·

n-1 missunderstandings in calculation of empirical variance and standard deviation - bias-corrected variance estimation

In statistics, variance is the expectation of the squared deviation of a random variable from its mean. It measures how far a set of (random) numbers are spread out from their average value. Thus the variance has a central role in statistics, e.g. in descriptive statistics, statistical inference, hypothesis testing, goodness of fit or Monte Carlo sampling. In Conclusion, variance is an important tool in all sciences, where statistical analysis of data is common.

When we talk about empirical variance it has to be considered which convention or definition applies in the corresponding context. Neither the naming of the definitions nor the corresponding notation is consistent used in the literature. This often leads to misunderstandings and communication mistakes!

In general, there are two ways empirical variance can be computed: Out of an entire population (if the entire population is known) by using the denominator "n"  or - in cases where this cannot be done - we can estimate it by examining a random sample (randomly taken from the entire population) and compute it with a bias corrected denominator: "n-1" (degrees of freedom).

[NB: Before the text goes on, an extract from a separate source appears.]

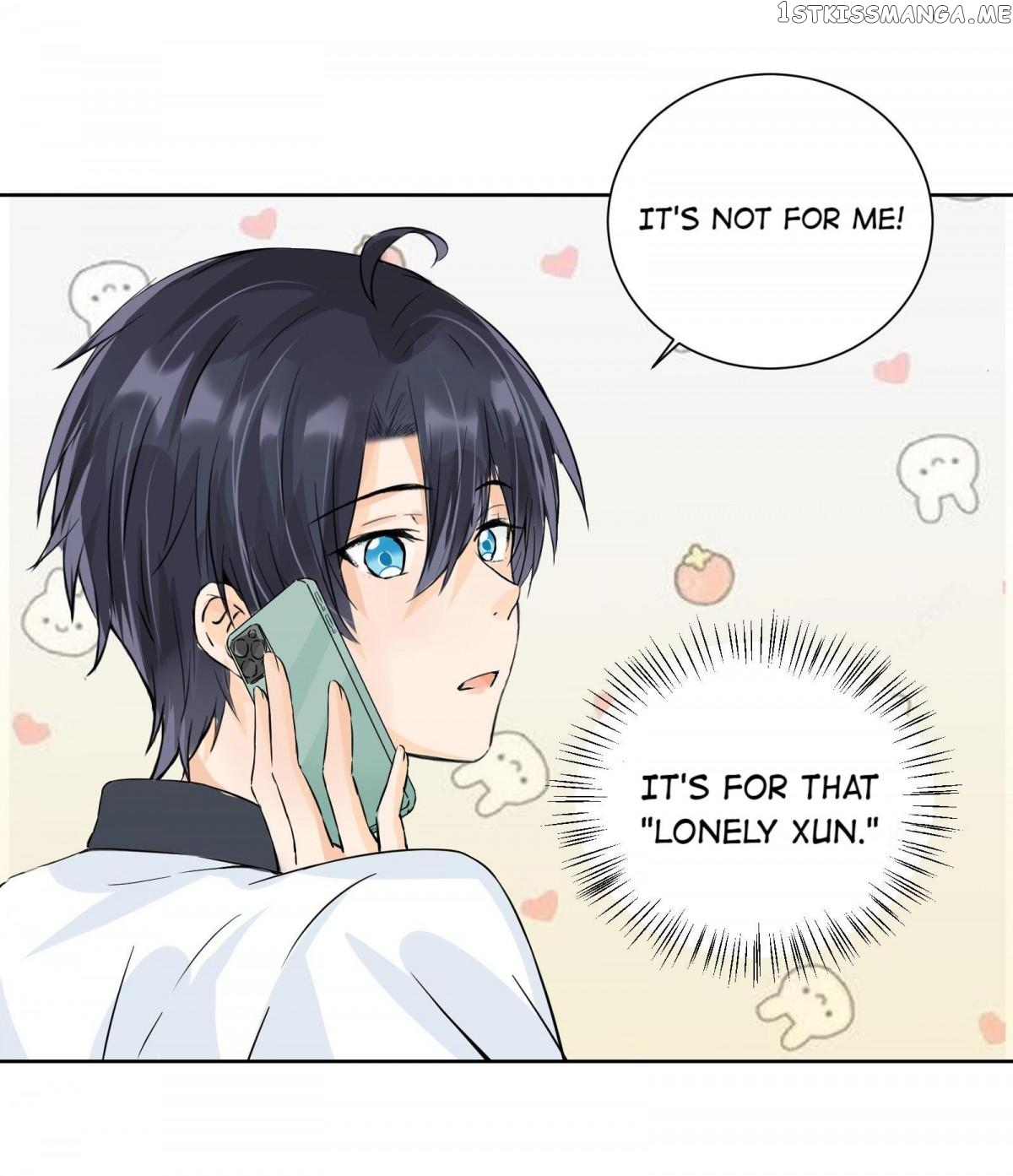 Your Memes Are Better Looking Than You chapter 24 - page 55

The same applies to the square root of the variance, the standard deviation. Here we can also distinguish a population standard deviation (the standard deviation of the entire population) from an estimated sample standard deviation (the standard deviation of a sample). Like above, in the population standard deviation formula, the denominator is n instead of n-1.

Because of knowing it's a rare that measurements can be taken for an entire population, by default, statistical software packages like SPSS etc. always calculate the sample standard deviation. The same applies to journal articles, where we should always assume that a sample standard deviation is reported unless otherwise is explicitly specified.

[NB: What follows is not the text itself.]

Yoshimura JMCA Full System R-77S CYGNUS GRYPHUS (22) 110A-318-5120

I have often been asked how fundamental the deviation is from a mathematical perspective?  Does it really make a big difference whether the variance or standard deviation is calculated with n respectively n-1 in the denominator?

To get a better feeling how fundamental the problem is, I tried visualize it with the following graphs:

The figure shows that we underestimate the variance, especially if we want to estimate it for the total population on the basis of small samples. For example, if we have a sample of 5 Participants and calculate the variance without a bias corrected denominator, we underestimate the population effect round about 20% and if n=10 is given round about 10%. That's not a little!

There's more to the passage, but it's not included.